My husband grew up in Attleboro, and helped me map out some ideas of photo ops in the area. Now that I have a plan of attack, I'll be on the road to take lots of reference pics. I'm not too encouraged by the sky here in Douglas - it's pretty gray. Maybe I'll get lucky and get some blue sky.

I'm going to check out Capron Park, downtown Attleboro, maybe LaSalette shrine - anything else that looks inspiring as I cruise the area.

I'm also looking forward to spending some time in Providence on Saturday. The Providence Art Festival on Westminster street looks pretty awesome, so I'll be checking that out. Plus there is a waterfire that night, lighting at 8:12 pm, so it would be a good day to hit the city and take more pictures.

Jun 8, 2010

Crocus painting

Crocus  6" x 6" acrylic

This is the last of the paintings I completed since the weekend. I think it actually looks better in person that I captured in this photo. Must be all the glare off  the acrylic. I worked on this one last night, finishing up around 1am. Honestly, I love that the house is quiet and I can dive right into these pieces, painting all hours until I am happy with them. Seems to me that I got started on this after I made dinner, wait...what did we have for dinner? My brain must be fried because I have to stop and focus to remember the last cooked meal...Oh! Seafood cassarole, cauliflower and garlic bread. 

OK - so after a late dinner I cleaned up and got this painting done - probably 2 1/2-3 hours. Late in the day to start, but at least I got another painting complete. This one has a lot of movement as the ground in my reference photo was kind of blah wood mulch, so I took some liberties with the texture.

It's funny, but these little flowers were tough to paint. I have a pastel of crocus that I completed recently, and I think the acrylic was a bit more work. The color is very saturated and transitions greatly in value from center to edges of the petals.

Crocus  10" x 4" pastel

For comparison, here is the pastel I created of the same subject. The pastel was tough to get saturated enough, but easy to blend from dark to light. The acrylic was more intense (I must be short on brilliant blue pastels) but challenging to blend correctly before drying on the canvas.
Which medium do you think worked better? I'd love to get some feedback on this.

Welcome painting

Wickford Welcome  5" x 7" acrylic

This painting I finished on Sunday. My best estimate would have to be 4 hours, but maybe it took me a bit longer on this one. I'm not much for architectural subjects, and my hands really want to make curvy shapes rather than straight ones. So I don't often paint such structural compositions, but this doorway just captured me when I walked by it in downtown Wickford, RI. The brickwork is actually yellow from flaking paint with a lot of the original brick color coming through.

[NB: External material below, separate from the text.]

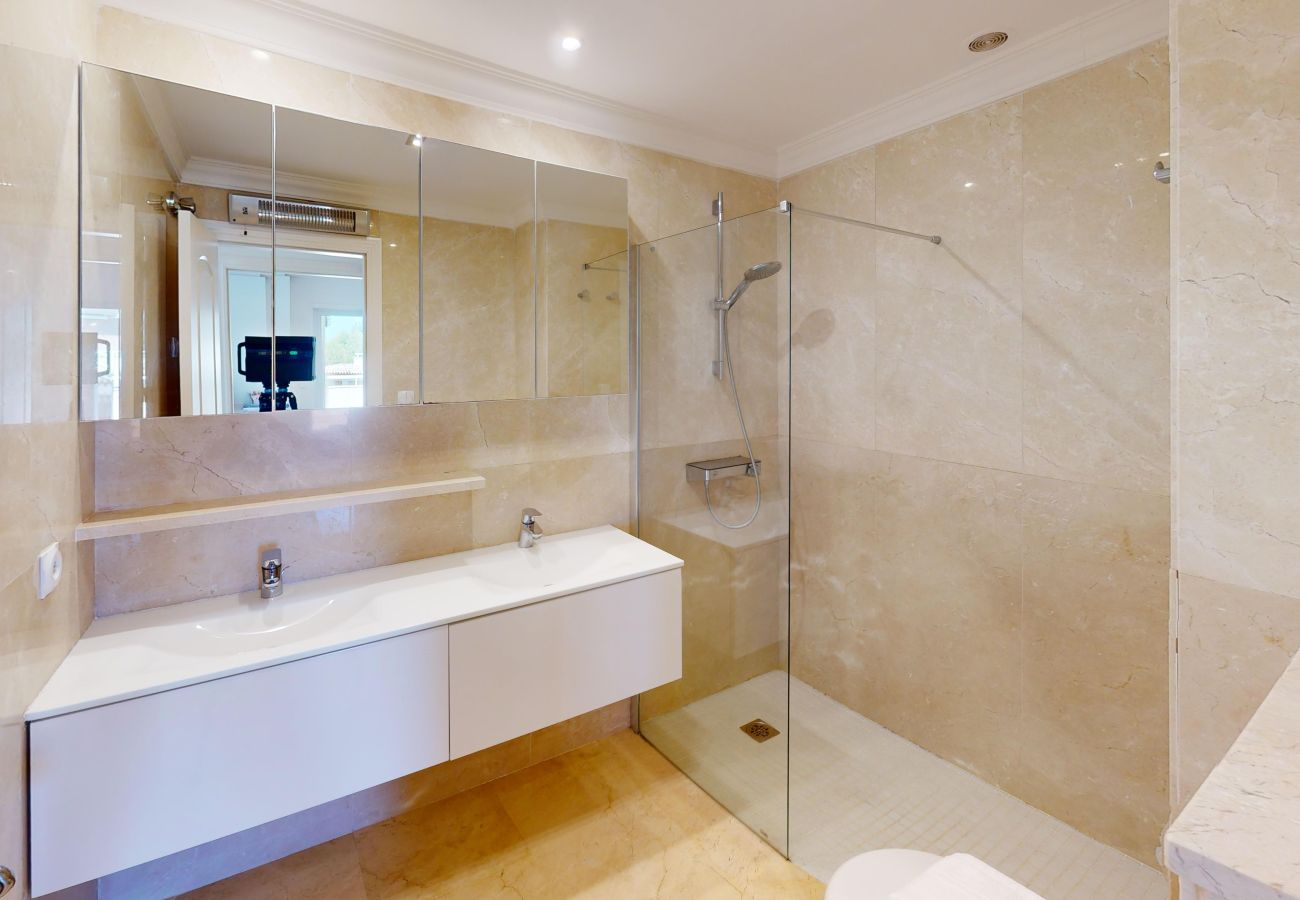 Apartamento en Oliva - Bougainvillea by ON Travel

Working on this piece and trying to get the lines both straight and casual looking was a challenge. I really don't want to add so much tight detail that you lose that brushy effect, and make a technical illustration instead of a loose painting. An artist that I admire who does this well is Mike Bryce in Pawtucket, RI. I've met him a couple of times through friends and at art events, and his style is just masterful. 

Looks like I need to paint a lot more hard edges and get my perspective down pat. 

Red Bridge painting

Red Bridge  7" x 5" acrylic

I just finished this painting Saturday. I think it took me between 2 and 3 hours to paint. I'm going to try posting right after I get these finished so that I can better track my progress and the time involved. 

This scene is from a photo I took when on an art vacation in Vermont. My friend April and I made it up to the Stowe area for a retreat, where we toured the area, took photos and created some artwork. The local visitor's guide had an article on waterfalls in the region, and we passed this little covered bridge as we were on the road.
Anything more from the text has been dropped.